# Wooden Rings, Anyone?



## H. A. S. (Sep 23, 2010)

Here's some info in case you want to expand your line of turning products:

http://www.touchwoodrings.com/qualitiesofwood.html

Check out the beauty of these:

http://www.touchwoodrings.com/Touch-Wood-Ring-Inlays.html

I bet your women customers would go wild if you had these to offer, along with your pens.

May even get a date out of the right presentation.


----------



## H. A. S. (Sep 23, 2010)

Here's a link with step by step pics of the operation:

http://www.woodturningonline.com/Turning/Turning_content/ring/wood-ring.html

Let your imagination run wild.


----------



## don716 (Mar 1, 2008)

Thanks, thats a great ring source. I've made a few but those are alot better. I like his method better.


----------



## john lucas (Sep 18, 2007)

I like the concept of adding the veneer. It adds long grain strength to the turning. rings and bracelets are typically fragile because of 2 short grain sections around the circumference. The veneer takes care of this problem.


----------



## MrWayne52 (Jul 2, 2011)

Wow thanks for the link to this artist.

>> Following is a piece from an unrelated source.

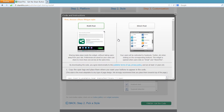The next thing to look at is multi-post versus direct post. Multi-post allows you to do two things: keep the user on your website while they share information, or send them directly to the social networking website. Direct post only sends the user directly to the social networking website, which means they will leave your site. I like to keep both options available to my users, so I'm going to pick multi-post.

I may have to try that process out real soon.


----------



## slicksqueegie (Feb 9, 2011)

Here are a couple walnut first attempts.
the third attempt was purple-heart and it came apart on me.
Next time Ill try some veneer.


----------



## H. A. S. (Sep 23, 2010)

Capneddie makes it easy without any expensive chucks or tools:

http://www.youtube.com/user/capneddie#p/u/2/0xY7ad0y8Rk


----------



## timetoturn (Mar 22, 2013)

*Wood rings? Yes please!!*

Wow those rings are beautiful! I can't wait to try one (although I have a feeling this will take me a few tries... I'm still pretty new to turning and I feel like this is a bit of an advanced project?). 

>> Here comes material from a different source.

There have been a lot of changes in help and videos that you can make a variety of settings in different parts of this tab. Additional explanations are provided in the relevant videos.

I also found this place that actually sells metal ring bases that you can make wood inlays for: 

http://www.renewablerings.com

I was thinking my husband might like the look of those.


----------



## Tommie Hockett (Aug 26, 2012)

timetoturn said:


> Wow those rings are beautiful! I can't wait to try one (although I have a feeling this will take me a few tries... I'm still pretty new to turning and I feel like this is a bit of an advanced project?).
> 
> I also found this place that actually sells metal ring bases that you can make wood inlays for:
> 
> ...


the only problem is that those metal ring bases only come in size seven and ten


----------



## BassBlaster (Nov 21, 2010)

Bangle guy is getting ready to offer ring cores similar to his bangle cores. They are sweet and should be good sellers!!


----------